__TASK PROMPT__
Under this line are the records; repeat exactly the lines starting at the one containing "Custom Quick Dry" and ending at the one containing "StarShort - Drama & Film | juego | XWorld", omitting pictures.

__MATERIAL FOR THIS EXERCISE__
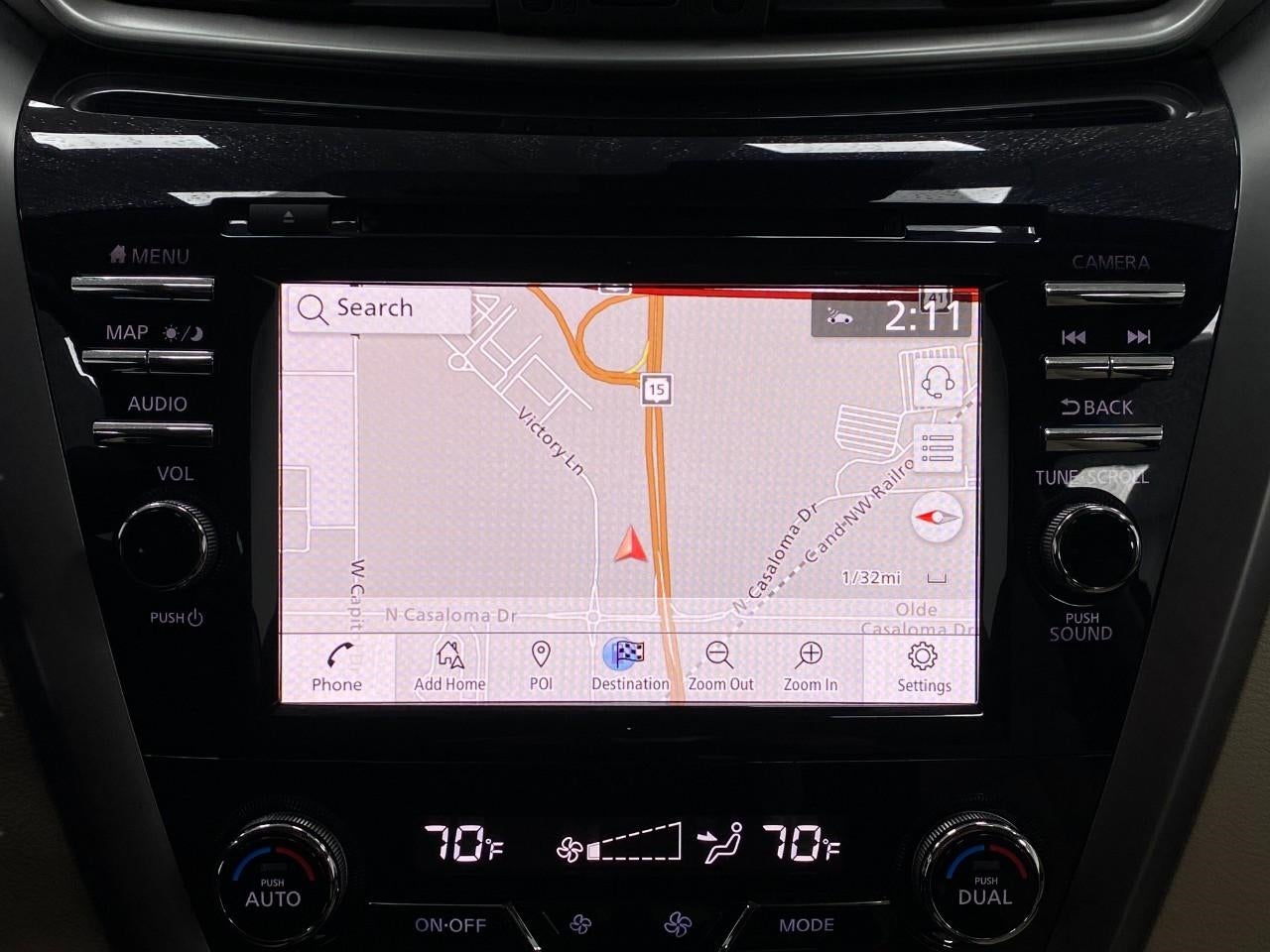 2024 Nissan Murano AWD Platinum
==
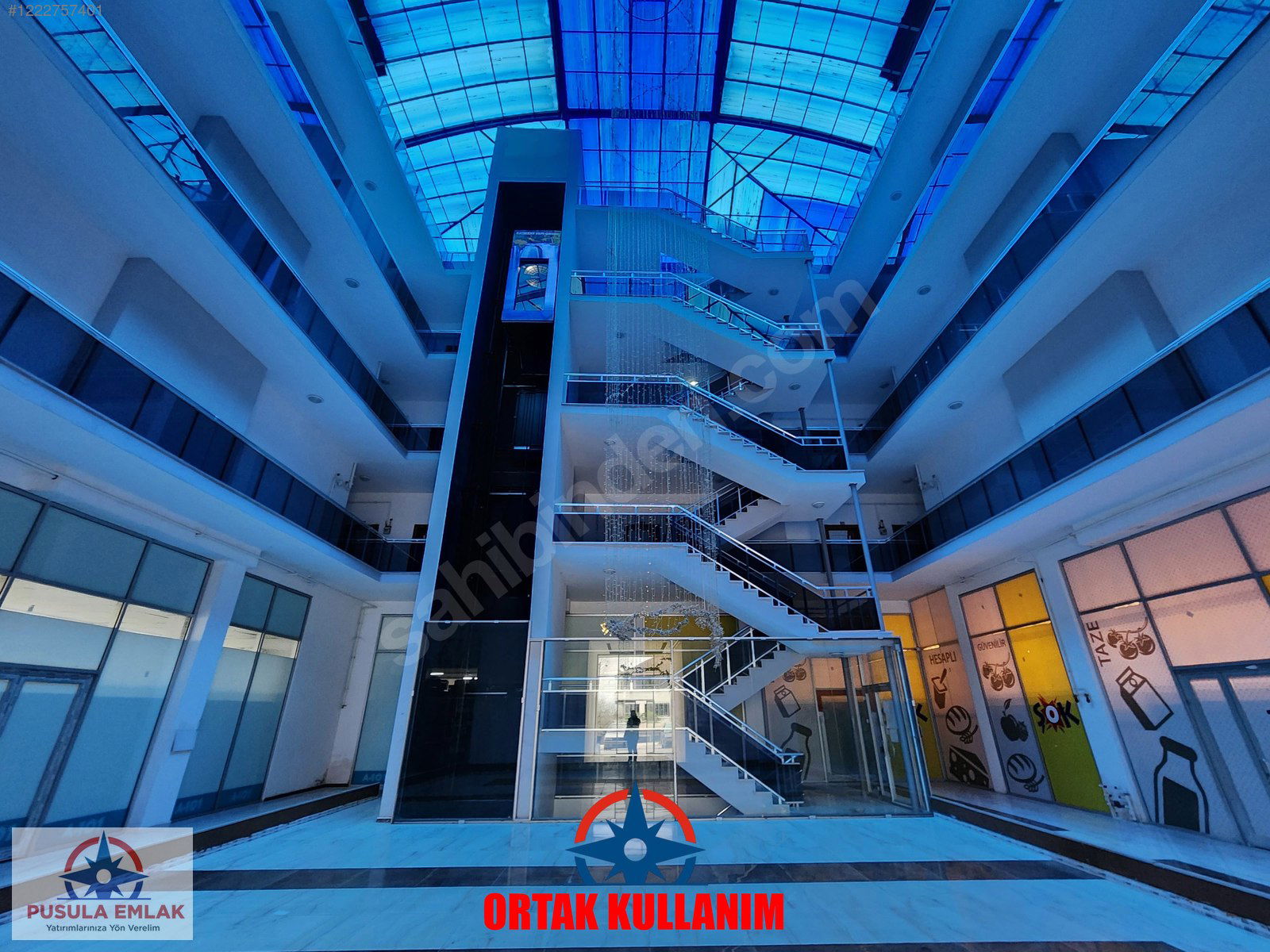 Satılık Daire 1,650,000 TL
---
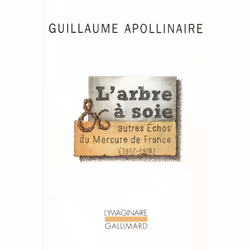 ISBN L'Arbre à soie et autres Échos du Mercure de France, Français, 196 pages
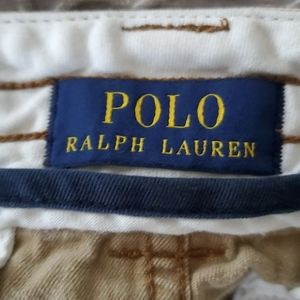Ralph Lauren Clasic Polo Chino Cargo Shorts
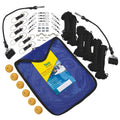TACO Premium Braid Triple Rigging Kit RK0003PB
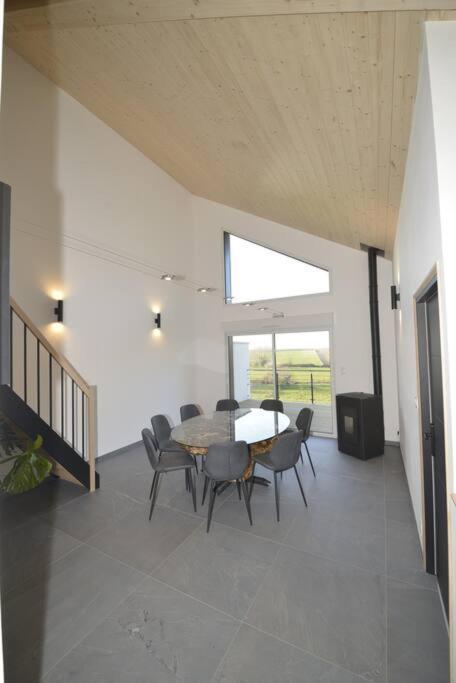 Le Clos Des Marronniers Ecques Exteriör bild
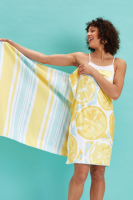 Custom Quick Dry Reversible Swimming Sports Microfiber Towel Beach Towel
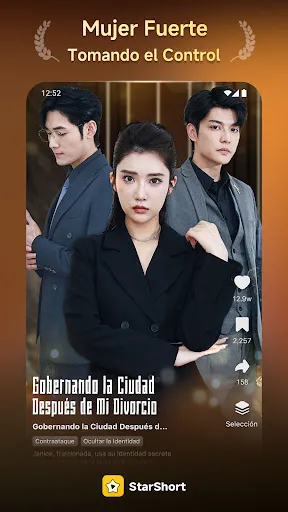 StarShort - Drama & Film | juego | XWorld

__SOLUTION__
 Custom Quick Dry Reversible Swimming Sports Microfiber Towel Beach Towel
 StarShort - Drama & Film | juego | XWorld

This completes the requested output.